A simple use case is allowing users to query the script for usage information - a common feature in command-line tools and applications.

                $ python greet_user.py --help

                Usage: python greet_user.py [options]
                Options:
                  --help    Show this help message
                  --name    User name (string)
                  --age     User age (integer)
            
Command line arguments must follow the script name by a space.
Multiple command line arguments must be separated from each other by space.

                $ python greet_user.py --name=Ada --age=23
            

Access command line arguments in Python

In a Python script you can get command-line argument with sys.argv list:
Note that the script name itself is passed implicitly as the first argument!
i.e. sys.argv[0] will always store the script name.
If you need only the list of command-line arguments, you can just slice sys.argv: sys.argv[1:]

                import sys

                print(f"Script Name: {sys.argv[0]}")
                print(f"Arguments: {sys.argv[1:]}")
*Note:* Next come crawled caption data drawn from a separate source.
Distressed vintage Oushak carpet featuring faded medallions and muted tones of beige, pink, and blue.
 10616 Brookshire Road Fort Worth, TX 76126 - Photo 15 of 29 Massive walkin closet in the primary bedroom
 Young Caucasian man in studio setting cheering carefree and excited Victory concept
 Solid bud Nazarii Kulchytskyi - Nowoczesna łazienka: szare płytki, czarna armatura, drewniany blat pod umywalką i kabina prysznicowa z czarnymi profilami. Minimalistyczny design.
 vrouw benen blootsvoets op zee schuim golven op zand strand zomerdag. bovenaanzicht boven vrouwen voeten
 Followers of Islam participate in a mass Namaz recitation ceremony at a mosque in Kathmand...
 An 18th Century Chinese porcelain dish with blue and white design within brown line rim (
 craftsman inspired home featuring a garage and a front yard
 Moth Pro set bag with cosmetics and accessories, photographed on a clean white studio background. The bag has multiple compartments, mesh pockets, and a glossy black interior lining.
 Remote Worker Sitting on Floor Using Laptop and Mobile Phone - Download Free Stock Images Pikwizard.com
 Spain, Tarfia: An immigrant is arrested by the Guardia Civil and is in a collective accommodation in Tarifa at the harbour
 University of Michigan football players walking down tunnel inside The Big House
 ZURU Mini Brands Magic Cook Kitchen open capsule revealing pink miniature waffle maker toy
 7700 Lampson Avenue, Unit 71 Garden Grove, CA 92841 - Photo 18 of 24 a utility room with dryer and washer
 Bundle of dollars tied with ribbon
                ###Output of:  python greet_user.py --name=Ada --age=23
                #Script Name: greet_user.py
                #Arguments: ['--name=Ada', '--age=23']
            

Command line arguments - examples

Lets have next script, which just prints argv list:

                import sys

                print('Argument List:', sys.argv)
            
Now, let's execute script with different command-line arguments:

                # call script without arguments:

                $ python argv_examples.py
                Argument List: ['argv_examples.py']
            

                # call script with 1 argument:

                $ python argv_examples.py arg1
                Argument List: ['argv_examples.py', 'arg1']
            

                # call script with 3 arguments:

                $ python argv_examples.py arg1 23 -45.6
                Argument List: ['argv_examples.py', 'arg1', '23', '-45.6']
            

Using argparse for Advanced Argument Parsing

Introduction to argparse

The argparse module makes it easy to write user-friendly command-line interfaces even for complex scenarios
The program defines what arguments it requires, and argparse figures out how to parse those out of sys.argv.
Example: simple script that echoes a message a specified number of times

                import argparse

                # Create the parser
                parser = argparse.ArgumentParser(description='Example script demonstrating argparse usage.')

                # define positional required argument:
                parser.add_argument('message', help='the message to be repeated')

                # define optional argument:
                parser.add_argument('--repeat', type=int, default=1, help='How many times to repeat the message (default: %(default)s)')

                # Parse arguments
                args = parser.parse_args()

                # Use arguments
                for _ in range(args.repeat):
                    print(args.message)



                ###Output of: $ python echo.py hello --repeat 3
                # hello
                # hello
                # hello

                ###Output of: $ python echo.py --help
                # usage: echo.py [-h] [--repeat REPEAT] message

                # Example script demonstrating argparse usage.

                # positional arguments:
                #   message          the message to be repeated

                # options:
                #   -h, --help       show this help message and exit
                #   --repeat REPEAT  How many times to repeat the message (default: 1)

                ###Output of: python3 echo.py
                # usage: echo.py [-h] [--repeat REPEAT] message
                # echo.py: error: the following arguments are required: message
            
argparse handles positional arguments (here, message) that are required, and optional arguments (here, --repeat) that the user can specify to alter the script's behavior.
The argparse module automatically generates help and usage messages and issues errors when users give the program invalid arguments.